As always your help is greatly appreciated
Michael Morris


Any intelligent fool can make things bigger, more complex, and more violent. It takes a touch of genius - and a lot of courage - to move in the opposite direction. - Ernst F. Schumacher
Mark Spritzler
ranger
Sheriff

Joined: Feb 05, 2001
Posts: 17259
    
    6

I used the default, since the default is UTF-8, and since everyone was using it, I thought why even have to type it in when that is what it is already.
Mark


Perfect World Programming, LLC - Two Laptop Bag - Tube Organizer
How to Ask Questions the Smart Way FAQ
Michael Morris
Ranch Hand

Joined: Jan 30, 2002
Posts: 3451
Thanks Mark. Good point.
Michael Morris
Adam Caldwell
Greenhorn

Joined: Mar 27, 2002
Posts: 17
I used US-ASCII and defended it as a design decision. The key points to consider are:
1. What's the existing data in the DB.
2. What if some international character is entered (especially near the edge of the field length limit).
3. How would you fix it to handle International characters properly (ie field length is used as a byte count which is a Bad Idea(tm)).
Michael Morris
Ranch Hand

Joined: Jan 30, 2002
Posts: 3451
Hi Adam,
I'm certainly not trying to dispute what you've done nor say that it's wrong since I am no expert on UNICODE, but considering that the Data class constructors use readUTF() and writeUTF() to read/write the schema, why not use the same enconding when reading and writing the records?
I appreciate your help and opinion.
Michael Morris
[ March 27, 2002: Message edited by: Michael Morris ]
Adam Caldwell
Greenhorn

Joined: Mar 27, 2002
Posts: 17
The field length is a fixed number of bytes based on FieldInfo.length(). Unicode is 2 bytes per character. UTF-8 is 1-3 bytes per character.
Now the code to write the data to the file says:
space = description[i].getLength();
size = newData[i].length();
toCopy = (size <= space) ? size : space;
The toCopy is a number of BYTEs, not characters.
So when you do the newData[i].getBytes(0, toCopy, buffer, offset); (or whatever you replace this with), it ends up copying that many bytes.
Now, if the code you replace it with uses UTF-8 and the string you're trying to copy ends up being newData[i].length() characters, but the last character is a character that requires a multi-byte encoding, you'll end up truncating that final character into something that isn't valid in UTF-8 when you try to read it back in.
Does that make sense?
BTW, you should document that there is a bug in that code anyway... It needs to store the length otherwise when you read the string back in, its possible you will loose real infomation... The standard "fix" people say is to add .trim(), but what if the data contains trailing white space that is supposed to be there?
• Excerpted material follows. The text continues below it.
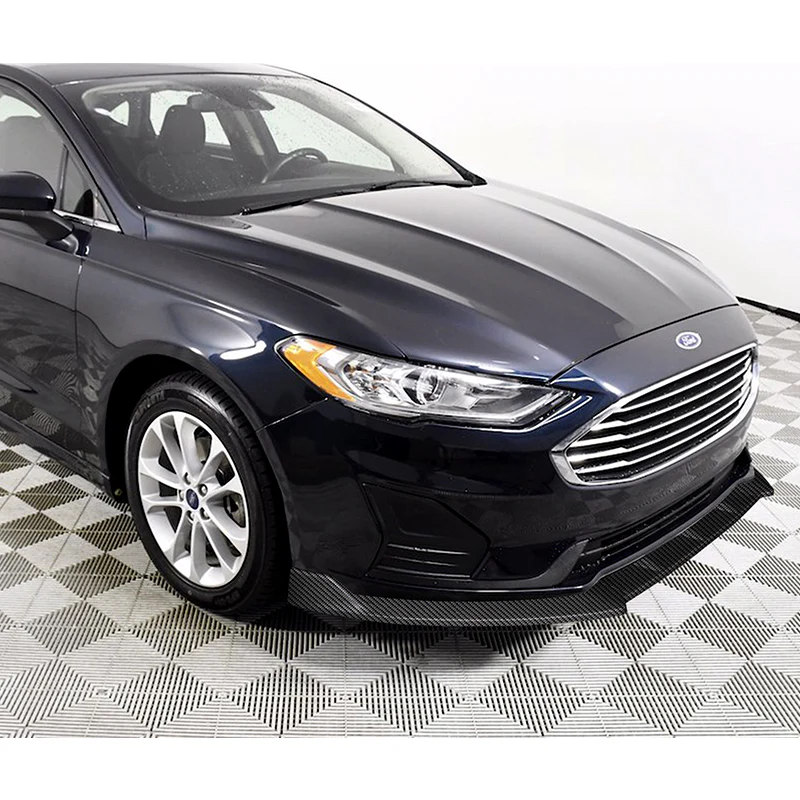 For 2019-2021 Ford Fusion Carbon Look Front Bumper Body Splitter Spoiler Lip 3PCS - Image 5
What is the correct way of fixing it?
-Adam
Burk Hufnagel
Ranch Hand

Joined: Oct 01, 2001
Posts: 814
    
    3
Generally, I hate answering a question with a question, but can you give me a reason why the trailing white space might be important?
If you display a field containing trailing white space to the user and they copy what they see as search criteria then the search will fail since they can't see the spaces - and probably can't type in whatever code is necessary to generate they control characters that show up as a box. Even if they can enter a code, how woyuld they know which code-that-is-displayed-as-a-box to enter since there may be more than one?
I tend to think that trailing whitespace is noise that should be removed. The only time it might be important is in a fixed width field - in which case I'd strip it off when using the data and pad with spaces (if needed) only when updating the field's contents in the database.
Burk
Originally posted by Adam Caldwell:
BTW, you should document that there is a bug in that code anyway... It needs to store the length otherwise when you read the string back in, its possible you will loose real infomation... The standard "fix" people say is to add .trim(), but what if the data contains trailing white space that is supposed to be there? What is the correct way of fixing it?
-Adam


SCJP, SCJD, SCEA 5 "Any sufficiently analyzed magic is indistinguishable from science!" Agatha Heterodyne (Girl Genius)
Adam Caldwell
Greenhorn

Joined: Mar 27, 2002
Posts: 17
I personally think that any database that doesn't give me back what I put into it is inherently broken.
That being said, I cheezed out on the assignment and just used .trim()
-Adam
Michael Morris
Ranch Hand

Joined: Jan 30, 2002
Posts: 3451
Hi Adam,
I appreciate the feedback, but coming from a UNIX command-line background I have always trimmed whitespace from parsed data. Why would external whitespace be significant in a database or any input? I think I'm going to go with the majarotity here and stick with UTF-8. Actually I'm going with the default for the deprecated methods which as Mark pointed out is UTF-8. I will simply document the remote possibility of data loss from certain characters which, for this assignment will probably never be used.
Michael Morris
Adam Caldwell
Greenhorn

Joined: Mar 27, 2002
Posts: 17
I come from the unix command line world too. I
expect that if I put on the command line 'foo ' that the trailing space will be preserved. If I put foo bar, I expect the shell to get rid of the extra space.
Here's a real world example though. Say you were storing paragraphs of a book in a database, and you put in " This is the first paragraph." You would want those leading spaces preserved wouldn't you? Well .trim() removes spaces from both ends of the string.
And btw, the encoding used in the deprecated method is NOT UTF-8. It is stripping the high byte off and replacing it with 0. That particular mapping is the same as UTF-8 for any character less than 127... which just so happens to be the same as for US-ASCII.
Either answer is correct for reading the stuff back in, the question becomes what happens when you write stuff out. Under the US-ASCII encoding, any non-ASCII characters get converted to ?, under UTF-8, you get the multiple byte encoding problem.
I personally don't like either solution, and I said as much in my design decisions, noting that I could not fix the problem given the requirements.
-Adam
Michael Morris
Ranch Hand

Joined: Jan 30, 2002
Posts: 3451
Hi Adam,
Good point on the ASCII encoding. I agree there are indeed cases where the preservation of leading and trailing whitespace is a necessity. But those instances are generally boundary cases and can be dealt with when required. Anyway I appreciate your help on this and you may yet convince me to use ASCII. I'm not in love with any of the options. I can remember when life was so easy, when the only options were EBCDIC (how many here can remember this one?) and ASCII. The down side was disco was alive and well!
Thanks again Adam,
Michael Morris
 
 
subject: Mark: default encoding for deprecated methods